Bersama orang Belanda yang anti penjajahan, Ernest Francois Eugene Douwes Dekker dan Dr. Tjipto Mangoenkoesomo, R.M Soewardi Soerjaningrat mendirikan Indische Partij pada 6 September 1912 yang berhaluan kebangsaan, kerakyatan dan kemerdekaan. Melalui partai ini, para pendiri berusaha menyadarkan rasa kebangsaan Hindia dan mempersiapkan mereka menjadi bangsa yang bebas dan merdeka serta menanamkan semangat untuk lepas dari penjajahan.

Pada Juli 2013, para pajabat Hindi Belanda akan mengadakan perayaaan 100 tahun kemerdekaan Belanda dari penindasan Prancis pada zaman Napoleon.
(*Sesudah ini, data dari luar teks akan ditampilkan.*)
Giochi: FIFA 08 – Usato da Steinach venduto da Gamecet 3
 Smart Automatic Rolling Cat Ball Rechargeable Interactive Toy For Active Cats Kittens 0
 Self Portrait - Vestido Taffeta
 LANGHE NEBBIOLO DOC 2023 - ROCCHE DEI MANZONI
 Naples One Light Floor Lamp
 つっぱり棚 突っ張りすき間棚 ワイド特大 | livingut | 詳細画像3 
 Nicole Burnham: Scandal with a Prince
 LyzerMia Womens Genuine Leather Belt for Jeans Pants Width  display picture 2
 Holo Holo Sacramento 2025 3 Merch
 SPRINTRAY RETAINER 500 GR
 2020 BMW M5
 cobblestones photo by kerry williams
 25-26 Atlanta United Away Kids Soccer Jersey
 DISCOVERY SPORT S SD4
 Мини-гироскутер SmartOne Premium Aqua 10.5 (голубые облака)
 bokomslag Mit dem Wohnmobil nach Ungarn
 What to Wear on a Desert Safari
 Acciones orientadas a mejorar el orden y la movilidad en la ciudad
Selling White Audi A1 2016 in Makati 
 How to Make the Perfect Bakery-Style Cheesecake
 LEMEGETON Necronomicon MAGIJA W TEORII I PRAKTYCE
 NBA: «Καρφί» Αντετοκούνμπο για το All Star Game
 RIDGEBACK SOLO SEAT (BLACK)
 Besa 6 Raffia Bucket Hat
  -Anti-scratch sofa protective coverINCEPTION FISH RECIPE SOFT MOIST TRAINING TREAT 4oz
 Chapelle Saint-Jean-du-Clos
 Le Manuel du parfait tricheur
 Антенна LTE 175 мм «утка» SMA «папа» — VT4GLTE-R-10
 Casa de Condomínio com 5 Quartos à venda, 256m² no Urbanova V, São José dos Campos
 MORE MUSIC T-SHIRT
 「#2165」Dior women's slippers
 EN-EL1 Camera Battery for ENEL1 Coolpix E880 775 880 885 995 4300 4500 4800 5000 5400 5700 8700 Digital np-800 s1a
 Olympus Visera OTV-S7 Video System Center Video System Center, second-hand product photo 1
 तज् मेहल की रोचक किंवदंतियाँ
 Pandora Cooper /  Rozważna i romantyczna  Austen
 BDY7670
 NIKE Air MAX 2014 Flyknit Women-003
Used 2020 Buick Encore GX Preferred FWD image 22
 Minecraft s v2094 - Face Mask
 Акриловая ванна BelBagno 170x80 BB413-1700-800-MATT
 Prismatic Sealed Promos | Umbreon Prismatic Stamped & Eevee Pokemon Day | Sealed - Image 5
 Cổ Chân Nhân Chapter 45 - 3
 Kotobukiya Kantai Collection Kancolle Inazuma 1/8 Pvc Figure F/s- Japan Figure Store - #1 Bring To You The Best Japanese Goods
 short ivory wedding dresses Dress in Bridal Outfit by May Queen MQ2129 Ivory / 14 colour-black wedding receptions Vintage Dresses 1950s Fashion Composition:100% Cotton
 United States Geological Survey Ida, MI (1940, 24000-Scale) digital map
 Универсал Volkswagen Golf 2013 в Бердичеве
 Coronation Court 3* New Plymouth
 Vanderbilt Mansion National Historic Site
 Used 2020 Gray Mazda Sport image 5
Acara ini melibatkan pribumi namun ditolak keras oleh masyarakat pribumi termasuk Indische Partij karena dianggap sebagai penghinaan bagi bangsa yang sedang mengalami penjajahan.

Bahkan Ki Hajar Dewantara menerbitkan sebuah tulisan menentang rencana tersebut, yang berisi kritikan sangat keras. Tulisan tersebut diterbitkan Comite Boemipoetra dengan oplah mencapai 5.000 eksemplar. Tulisan tersebut menjadi tamparan keras bagi para penjajah dan mengantarkannya ke dalam penjara. Namun Soewardi tak gentar dan menolak berkompromi dengan para penjajah agar dia dibebaskan. Dia pada akhirnya lebih memilih dihukum sebagai orang buangan daripada harus tunduk pada penjajah. Awalnya Soewardi diputuskan untuk diasingkan ke Pulau Bangka, sedangkan Dr. Tjipto ke Ambon. Namun akhirnya mereka dan juga Douwes Dekker memilih meninggalkan tanah air dan diasingkan ke Belanda.

Hidup di pengasingan tentu tidaklah mudah. Soewardi yang membawa serta istrinya, Soetartinah bertahan hidup dengan menulis di koran dan majalah. Beliau juga mendirikan kantor berita bernama Indonesisch Persbureau (Biro Pers Indonesia). Dari sinilah sebutan "Indonesia" untuk Hindia Belanda mulai sering terdengar dan makin dikenal di Eropa.

Ketika di Belanda pula Soewardi menemukan konsep pendidikan yang cocok diterapkan untuk bangsa Indonesia. Hal ini beliau temukan setelah banyak membaca buku karya tokoh pendidikan dari negara lain seperti Montessori, ahli pendidikan Italia, termasuk Rabindranath Tagore dari India.

Soewardi ingin mengganti sistem pendidikan kolonial yang mengedepankan cara perintah, paksaan dan hukuman dengan sistem among. Guru, baginya, harus menjadi pemimpin yang berdiri di belakang dan wajib menyingkirkan segala rintangan yang dihadapi anak didiknya.

Soewardi akhirnya dibebaskan dari hukuman buangan pada 17 Agustus 1917, empat tahun kurang sehari sejak putusan hukuman pembuangan ditetapkan pemerintah Hindia Belanda. Beliau kembali ke Indonesia dan kemudian mendirikan Taman Siswa di Yogyakarta.